Despite that massive arc happening in the course of 63 minutes, “Pilot” is really a slow burn that tries to build a complicated web of emotions around the children of the family – while some of it works for Nick, putting that onus on him and the rest of the teenagers in the cast to carry the emotional load. And that’s where “Pilot” really comes up short: be it depicting Nick’s drug dealer as some clean cut, loving but murderous idiot who would try to murder him in broad daylight, or the pimply kid Madison doesn’t expel for bringing a knife to school (he acts as seer, telling her life as we know is going to end), Fear the Walking Dead suffers the familiar problem of trying to make the saccharine emotions of teenagers and idiots (like Nick) matter: and when a show can only ask us to invest in its most immature, ridiculously thin characters, it has only its zombie moments to fall back on.
Madison and Travis just aren’t strong enough presences in this episode: they’re both there, but their focus is squarely on their children at all times, refusing to accept obvious truth in the name of keeping the dream alive. For Madison, it’s getting her seemingly delusional son clean; for Travis, it’s getting his estranged son to accept him in his life again and forgive him for the divorce Travis and Liza put him through. Beyond that, these two adults aren’t really represented as anything else; and that lack of pathos for their characters beyond protectors of their children denies Fear the Walking Dead an important component of its story telling, and the shocking adjustment parents have to make as their teenagers begin to transform into adults – and everyone else around them begins turning into flesh-eating, mindless animals.
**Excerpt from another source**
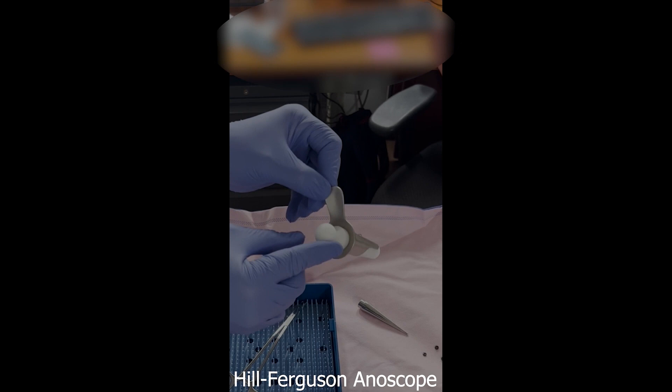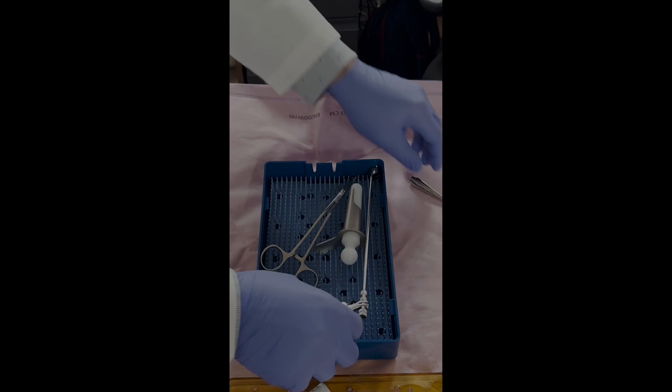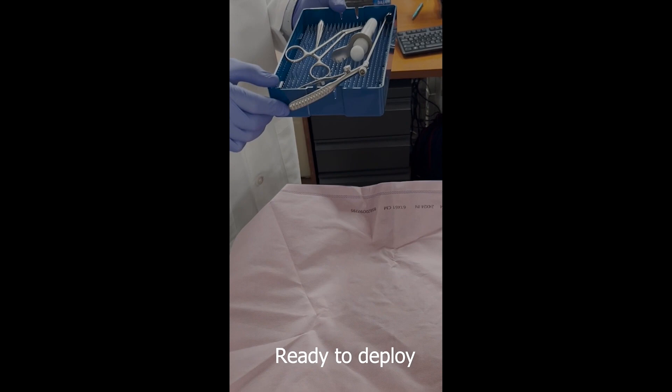The other instruments you will need are grasping forceps and an anoscope. Suction ligators, which pull the internal hemorrhoid into the banding instrument, are also commonly used. However, in this video we will be focusing on the technique using the McGivney ligator and atraumatic forceps.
Most of all, though, “Pilot” suffers because it feels like an hour-long D.A.R.E. special about the dangers of doing drugs – and not in a fun way, like iZombie does with its premise, integrating it into its mythology. With the zombie outbreak explicitly never being tied to anything (Robert Kirkman has reiterated this a million times), “Pilot” instead feels like everyone in Nick’s path denying everything he’s saying (even when incontrovertible evidence shows up on an internet viral video, because of course that’s how we’d all find out) just because he’s a drug addict, and therefore a psychopath who has no semblance of reality. Because of that saccharine mentality, “Pilot” is only engaging when its leaning on the audience’s knowledge of the future: and when we know what is coming, it’s essential that Fear the Walking Dead – which is being billed as a family drama first, and zombie show second – can fill that space with something other than stories that only allow characters (and by proxy, the world around them) to exist in two dimensions.
Other thoughts/observations:
– I quite enjoyed Nick’s zombie-esque stagger around at the beginning of the episode. Best allusion in an episode full of them.
– Why does every single graffiti-laden drug house in cinematic history have an ominous quote in them?
– Madison is disappointed she’s only “batting .500” with her children. She doesn’t know much about statistics, we can presume.
– “Pilot” also wants us to care where Matt is, when only his girlfriend Alicia seems to give a crap.
– The principal’s reaction to the near-empty buses arriving at school is great: “What, did you skip a few stops?”